As a leader, you can consider yourself both the creator and the keeper of the habits in your organization. If you are inconsistent, then your organization will be inconsistent. Conversely, if you are relentlessly focused on doing a small number of things over and over again – if you are focused on being CONSISTENT – your organization will also become consistent.
Behaviors form habits. Habits drive culture.
The easiest way to incorporate habits into your organization is to introduce new behaviors one or two at a time, and then focus single-mindedly on expressing and reinforcing each behavior on a daily basis, until it becomes something that the team simply embodies. It is now a habit. Then pick a new behavior or two and do the same thing with these behaviors, while regularly checking in on the original set of new habits. Do this consistently over a year and you can successfully implement dozens of desired habits each year in your organization. These new habits will become your new culture.
HOW THINGS ARE DONE HERE – TRAINING FOR RESULTS
If you don’t know exactly how you want your organization to behave, then your people have no chance of helping you achieve your goals.
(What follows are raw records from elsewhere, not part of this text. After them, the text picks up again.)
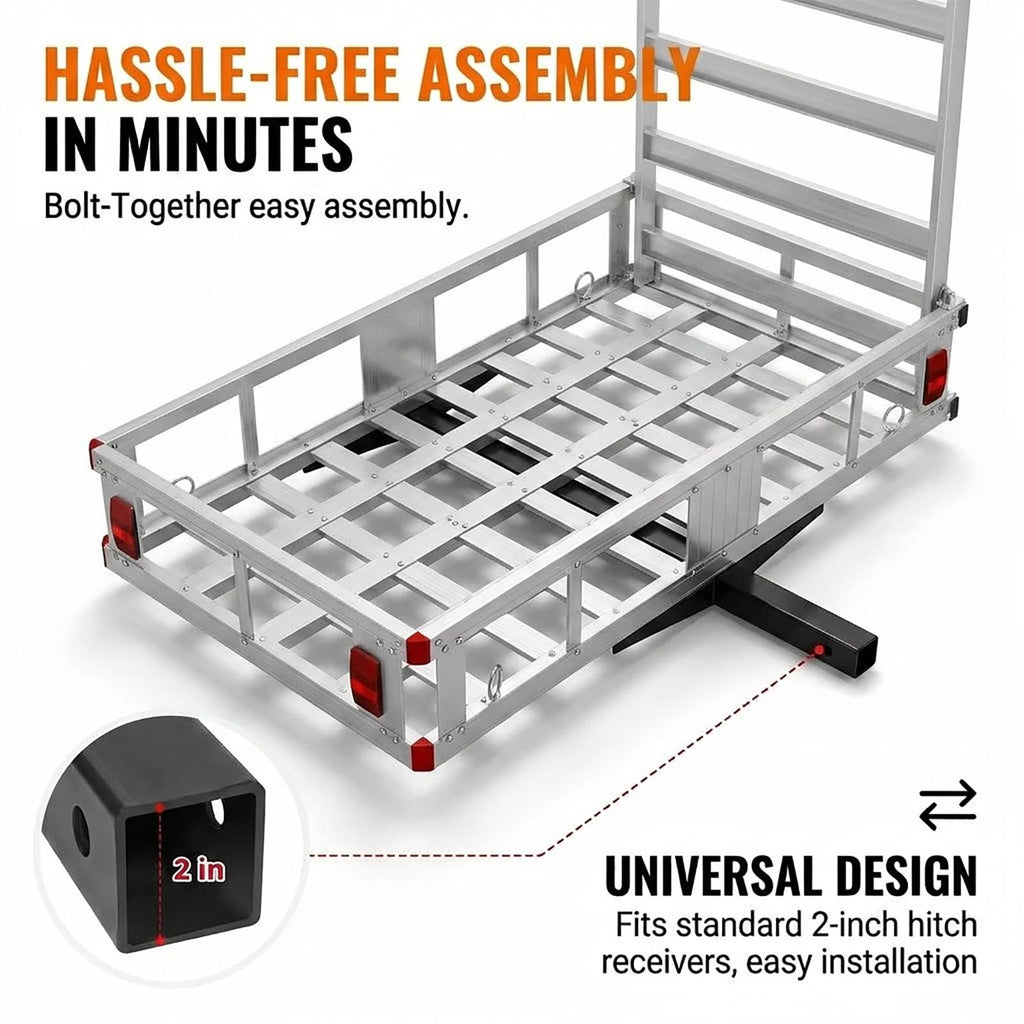 Aluminum Hitch Cargo Carrier with 27.5 in Folding Ramp Z1290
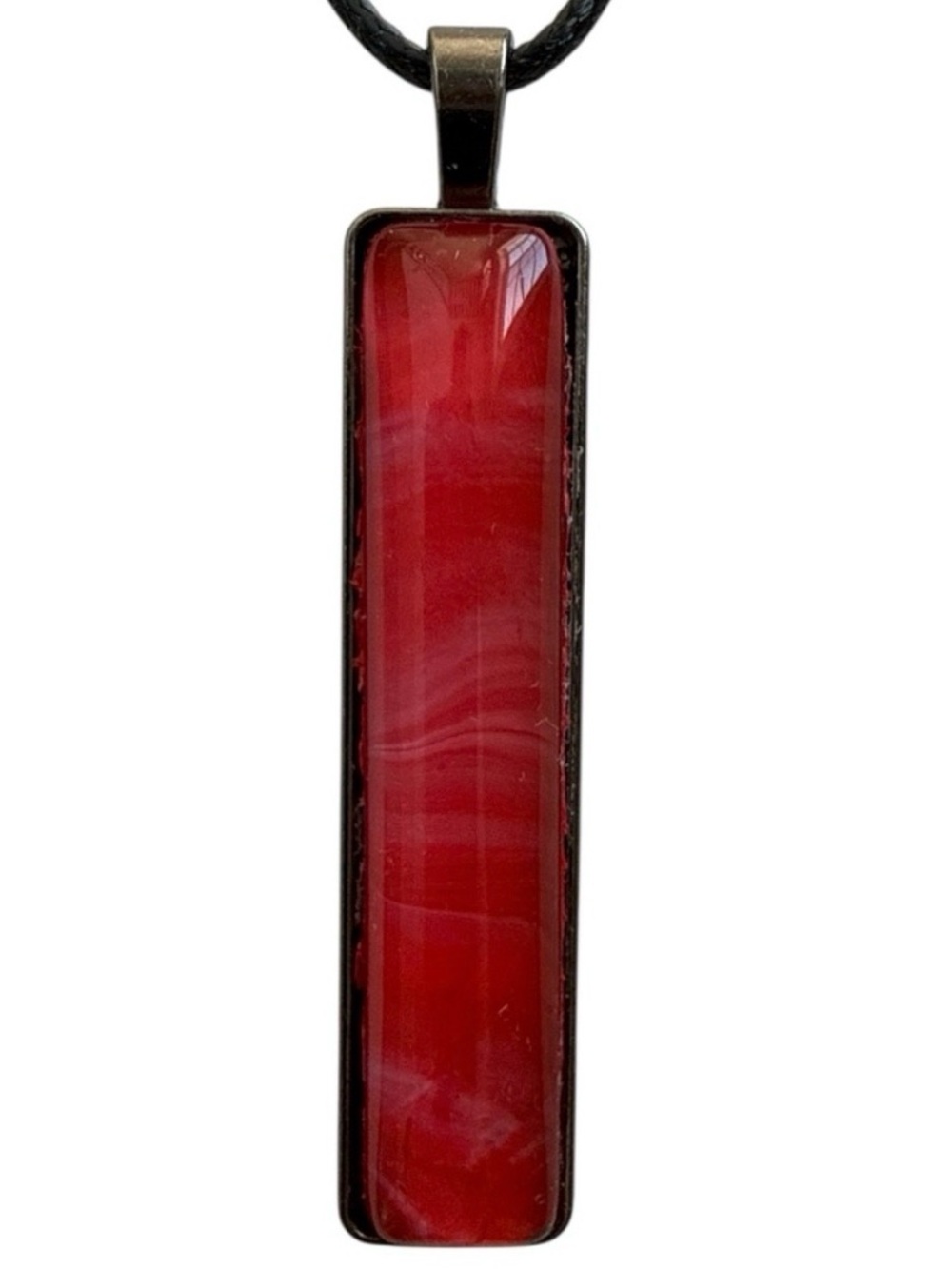 Hand Crafted Necklace Red Fluid Art Pendant Long Bar by Svetlana Yeung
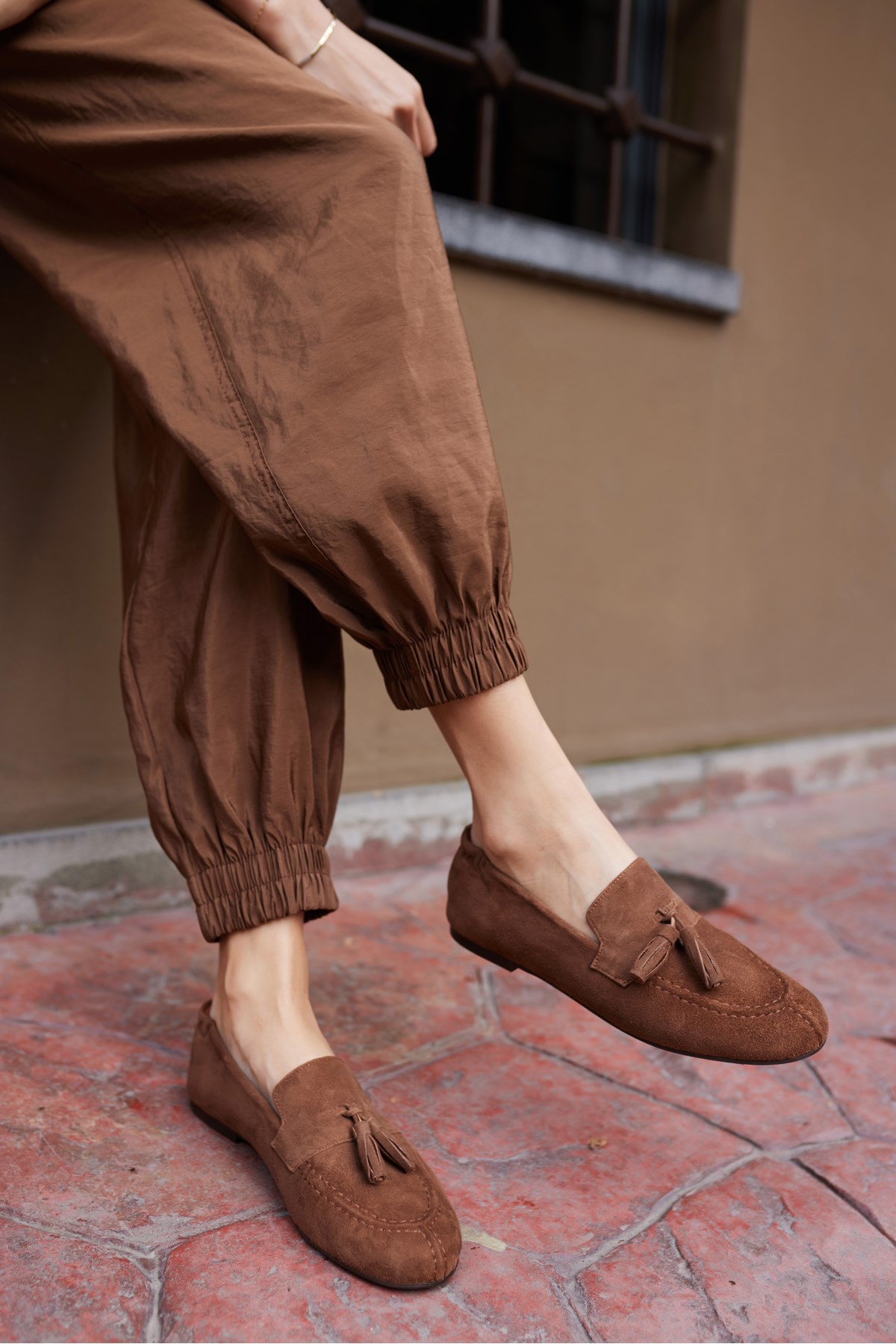 ALBARES KADIN KAHVE MOCHA GERCEK SUET PUSKULLU LOAFER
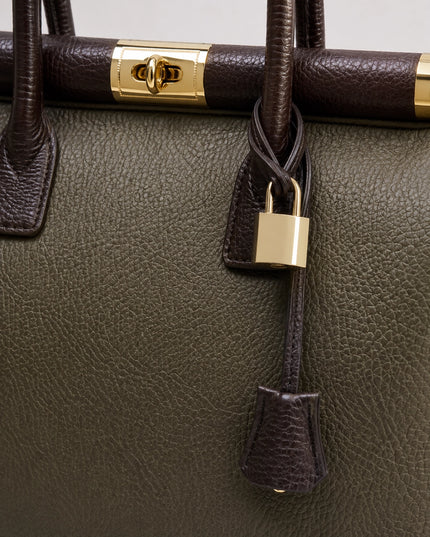 ZEEN | NORA Taupe | Dollaro-Ledertasche | Made in Italy
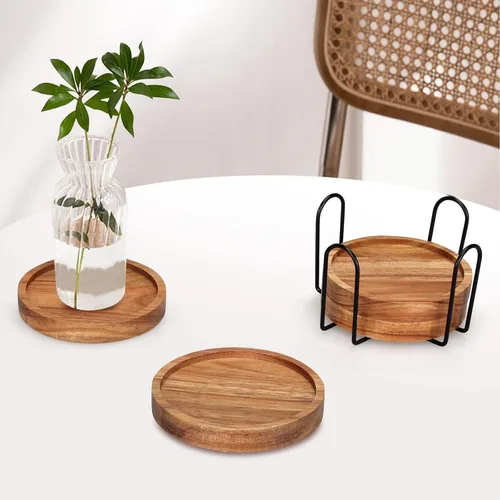 Vista 7 de 4 posavasos de madera de granja con soporte, lindo juego de posavasos de madera para bebidas al aire libre, decoración del hogar, decoración de mesa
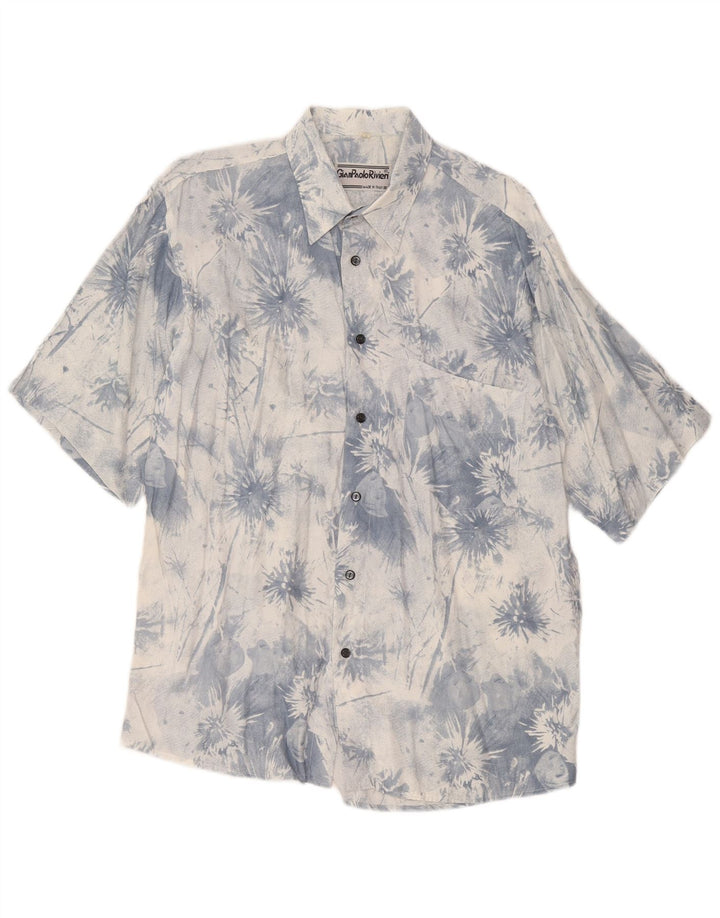 Vintage Herren Kurzarmhemd Mittelblau Tie Dye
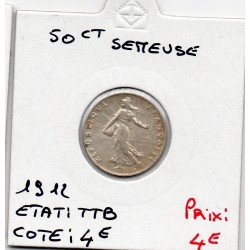 50 centimes Semeuse Argent 1912 TTB, France pièce de monnaie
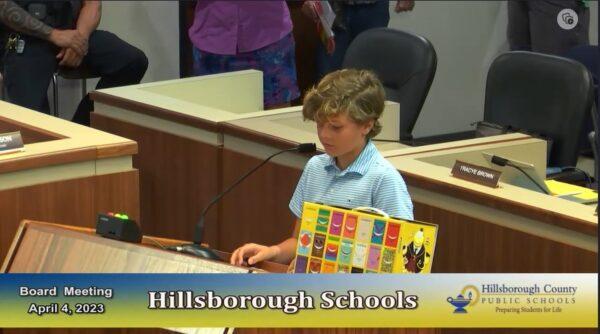 Cato Carling, a fourth-grade student in Hillsborough County, Fla., shares his thoughts with the Hillsborough County School Board meeting about a disturbing book series available to students as young as 11 on April 4, 2023. (Screenshot via The Epoch Times/Hillsborough County Public Schools)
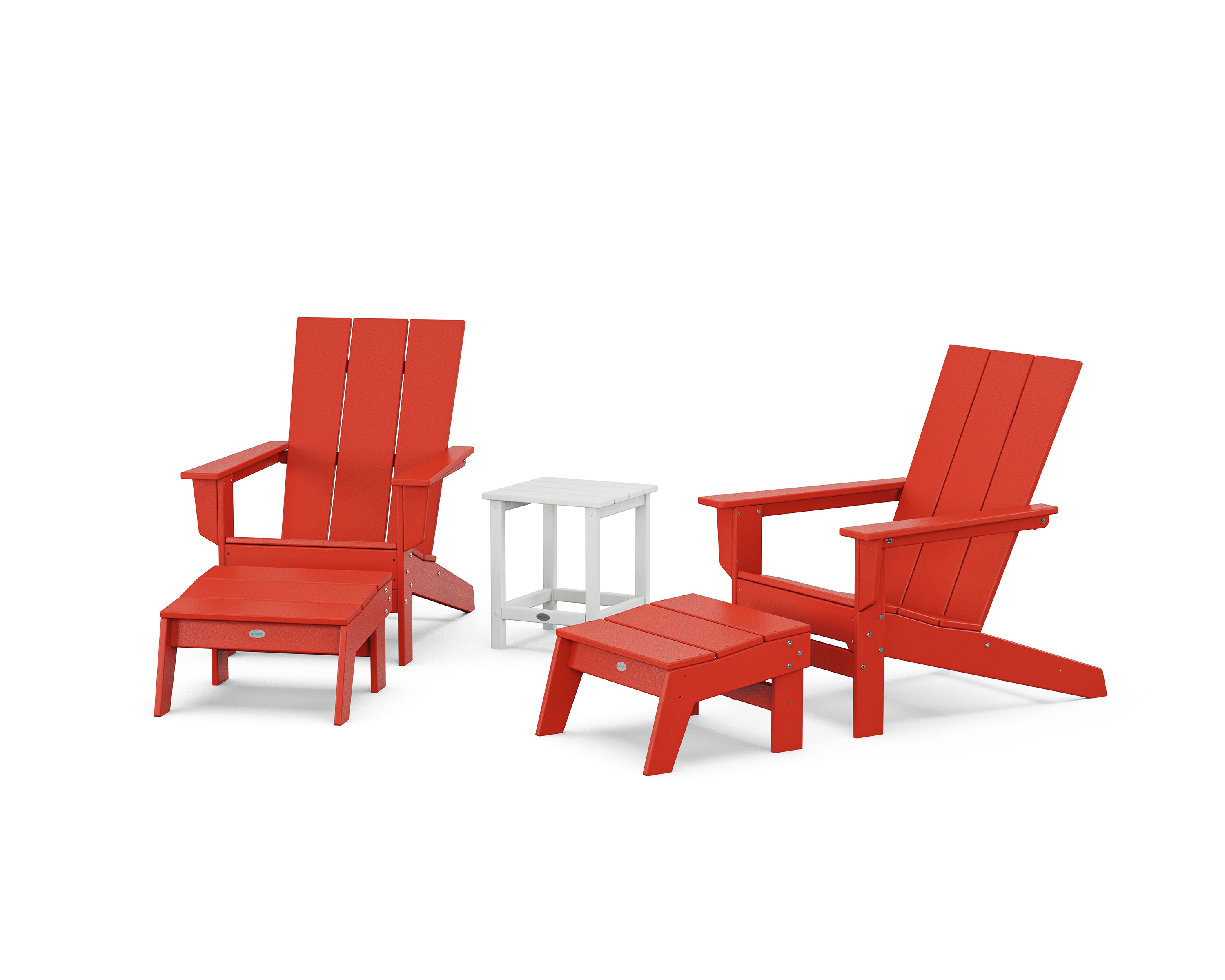 POLYWOOD 5-Piece Modern Studio Adirondack Set with Ottomans and Side Table in Sunset Red / White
This is where documented systems and procedures come into play; and where a strong training program is paramount to success.
I’m not talking about an “employee handbook” that you send home with a new hire on their first day of employment and require them to sign on day two. I’m talking about real-life, practical standard operating procedures that are posted for all to see, regularly referenced, and that your staff are regularly trained and evaluated on.
Many small business owners have created SOPs for their organizations and pride themselves on having robust operating manuals. They require their people to read the procedures, and some even teach them how do perform them, but few, if any, actually regularly train and test their people until they are experts on the procedures. This is the difference between telling, teaching and training your people.
TELLING is literally that; talking at your people about what they should do.
TEACHING is the act of showing someone what to do, and in some cases watching that they do it right once or twice.
TRAINING is where the rubber meets the road. It’s the process of consistently teaching and evaluating your employee’s performance over time to ensure that the process or system is not only understood, but also acculturated. It has become a habit.
You can’t create culture, but by using some of these techniques you may be able to strongly influence the way that your company operates.